Re: [RFC PATCH 6/6] mm/memcontrol: Make memory.high tier-aware

From: Bing Jiao

Date: Wed Mar 11 2026 - 18:05:31 EST


On Mon, Feb 23, 2026 at 02:38:29PM -0800, Joshua Hahn wrote:
> @@ -4485,15 +4527,22 @@ static ssize_t memory_high_write(struct kernfs_open_file *of,
> return err;
>
> page_counter_set_high(&memcg->memory, high);
> + toptier_high = page_counter_toptier_high(&memcg->memory);
>
> if (of->file->f_flags & O_NONBLOCK)
> goto out;
>
> for (;;) {
> unsigned long nr_pages = page_counter_read(&memcg->memory);
> + unsigned long toptier_pages = mem_cgroup_toptier_usage(memcg);
> unsigned long reclaimed;
> + unsigned long to_free;
> + nodemask_t toptier_nodes, *reclaim_nodes;
> + bool mem_high_ok = nr_pages <= high;
> + bool toptier_high_ok = !(tier_aware_memcg_limits &&
> + toptier_pages > toptier_high);
>
> - if (nr_pages <= high)
> + if (mem_high_ok && toptier_high_ok)
> break;
>
> if (signal_pending(current))
> @@ -4505,8 +4554,17 @@ static ssize_t memory_high_write(struct kernfs_open_file *of,
> continue;
> }
>
> - reclaimed = try_to_free_mem_cgroup_pages(memcg, nr_pages - high,
> - GFP_KERNEL, MEMCG_RECLAIM_MAY_SWAP, NULL);
> + mt_get_toptier_nodemask(&toptier_nodes, NULL);
> + if (mem_high_ok && !toptier_high_ok) {
> + reclaim_nodes = &toptier_nodes;
> + to_free = toptier_pages - toptier_high;
> + } else {
> + reclaim_nodes = NULL;
> + to_free = nr_pages - high;
> + }
> + reclaimed = try_to_free_mem_cgroup_pages(memcg, to_free,
> + GFP_KERNEL, MEMCG_RECLAIM_MAY_SWAP,
> + NULL, reclaim_nodes);
>
> if (!reclaimed && !nr_retries--)
> break;

Hi Joshua, thanks for the patch.

I have a concern regarding the system behavior when both the total
memory.high limit and the new toptier_high limit are breached.

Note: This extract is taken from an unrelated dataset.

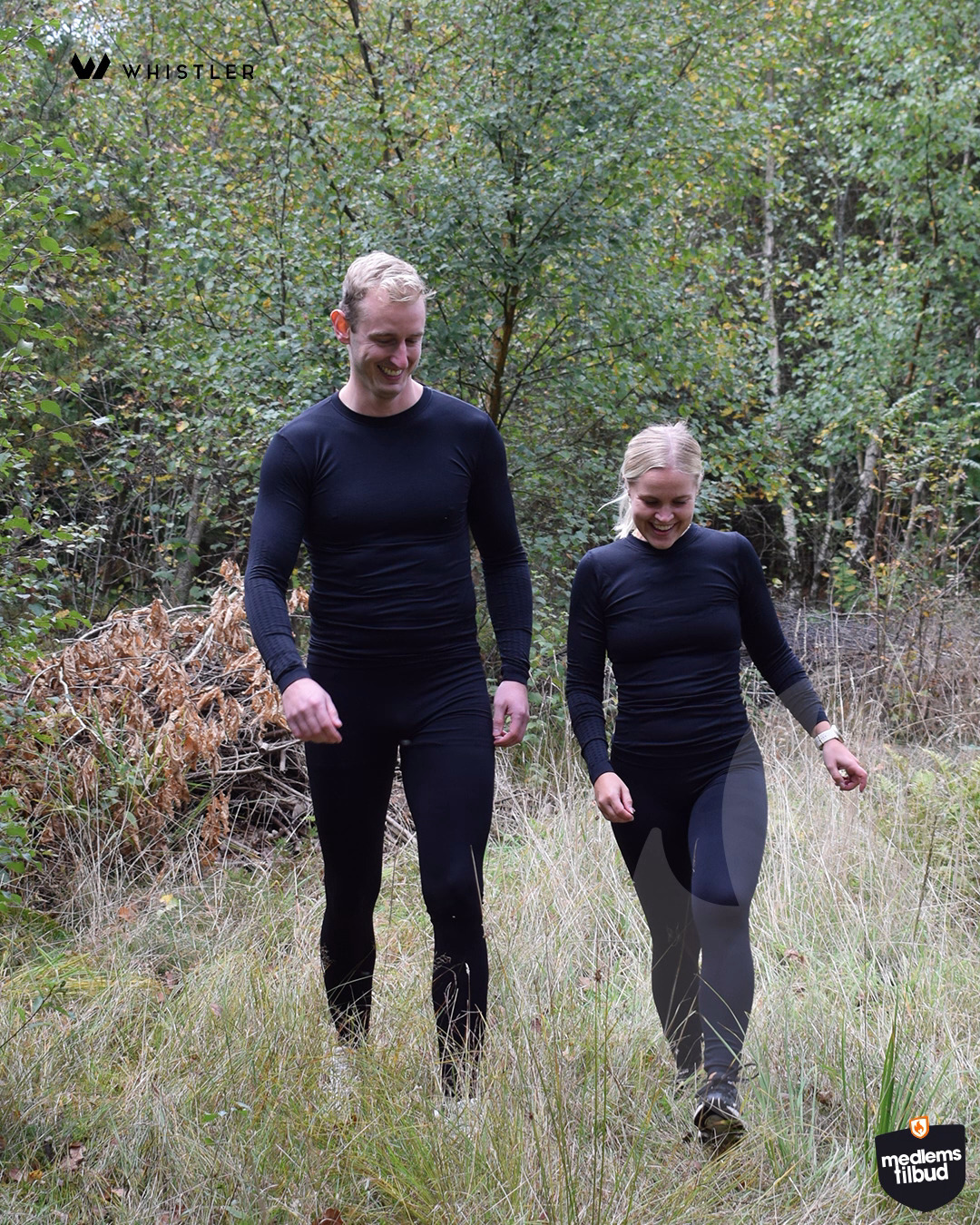 Opdatér dig her: Det nyeste fra Viborg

If both mem_high_ok and toptier_high are false, memory_high_write()
invokes try_to_free_mem_cgroup_pages() with reclaim_nodes set to NULL
to target all nodes. Under these conditions, the reclaimer might attempt
to satisfy the target bytes by demoting pages from the top-tier to lower
tiers. While this fulfills the toptier_high requirement, it fails to
reduce the total memory charge for the cgroup because the counter tracks
the sum across all tiers. Consequently, since the total memory usage
remains unchanged, the reclaimer will likely become trapped in the loop
until it reaches MAX_RECLAIM_RETRIES and other situations (e.g.,
both !reclaimed && !nr_retries–), leading to excessive CPU consumption
without successfully bringing the cgroup below its total memory limit,
or causing all top-tier pages demoted to far-tier, or causing premature
OOM kills.

Given your tier-aware memcg limits, I think it is better to reclaim from
lower tiers to swap to satisfy mem_high_ok by setting the allowed nodemask
to far-tier nodes. Then demote pages from top tiers to ensure
toptier_high is okay. This also prevents reclaiming pages directly from
top tiers to swap and ensures that demotion actually contributes to
reaching the targeted memory state without unnecessary performance
penalties.

To address the issue where a memcg exceeds its total limit and demotion
cannot help to relief the memory memcg pressure, I am considering to
introduce a reclaim_options setting that prevents page demotion by
setting sc.no_demote = 1. I have a local patch for this and am preparing
it for submission.

Please let me know if I have misunderstood any part of your
implementation or if you see any issues with this proposed adjustment.

Best,
Bing